Denver’s lack of options was rooted in NBA contract rules that limited their ability to pay 2022 free agent signing and playoff hero Bruce Brown. He was the most impactful signing of the 2022 offseason despite earning less than the full mid-level exception, just $7.8 million, an astonishing bargain for the 6th man and 5th leading scorer on their finals run. With them being limited in how much they could offer the 26-year-old guard, they were easily outbid by Indiana, which rewarded him with a 2-year, $45 million contract.
Denver was forced to rebuild their bench the same way they built their championship team, drafting and developing quality role players around their MVP, Nikola Jokic. As they did with last year’s 21st pick in the draft (the aforementioned Christian Braun), Denver traded into more picks in a deep 2023 draft class in order to search for more bench players who can contribute. Multiple pre-draft trades netted them the 29th, 32nd, and 37th picks, an unusual team-building strategy for a contender, much less a defending champion.
Denver first looked to replace the guard play of Bruce Brown with sharpshooter Julian Strawther at the end of the first round and old-school point guard Jalen Pickett. Pickett in particular, who could provide a unique option alongside another unorthodox player in Jokic, intrigues as a point guard who has drawn comparisons to old-school players like Mark Jackson.
Strawther takes on the mantle of a sharpshooting guard with deep range and a quick trigger after an awkward situation with Bones Hyland led to him getting shipped out for close to nothing after a promising rookie season.

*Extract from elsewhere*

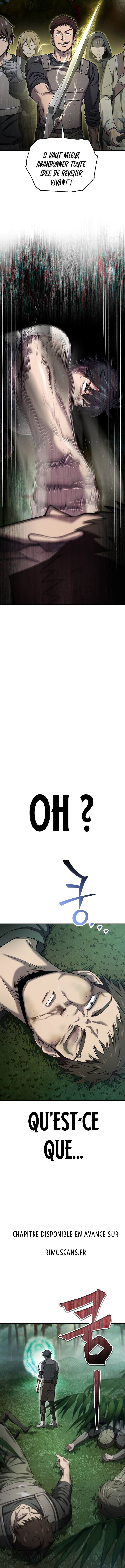 Solo Resurrection Chapitre 23 - Page 2
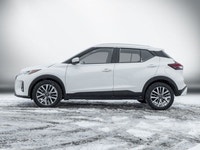 Check out this 2024 Nissan Kicks SV before it's too late! * This Nissan Kicks is a Bargain with Thes... (image 2)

His ability to fill up space and shoot from anywhere could make him a quick contributor next to a passer like Jokic.
Denvers’ offseason leaves a lot to be desired.
With the 37th pick, the Nuggets took Hunter Tyson, who has already drawn comparisons to their incumbent starting small forward Michael Porter Jr. as a 6’8 forward who holds his hat on his strong perimeter shooting. It seemed like a low-ceiling pick with little chance to impact, but Tyson showed out in summer league and has the eye of Nuggets fans and coaching already.
He averaged 28.8 points, shot 50% from three-point range, and scored a game-high 31 points on 7/9 shooting from three in Denver’s fourth game against Miami. He could be a plug-and-play backup for Porter off the bench as soon as 2023, and it appears Denver’s strategy could be paying off.
Denver was forced into a risky and uninspiring (from afar) offseason by being forced to lose multiple rotation players from their championship rotation. They lost veteran leadership and didn’t have open money to replace it, so they looked to build through the draft in the same way they crafted their starting lineup that led them to a triumphant season.
Every rookie is a risk, and the team could find themselves looking for answers as the season pans out, but their strategy will also provide them with the easiest way there is to find role players who fit on cheap contracts. Denver fans will watch with promise and nervousness to see how the next potential championship rotation is formed as the team rosters three rookies heading into the year.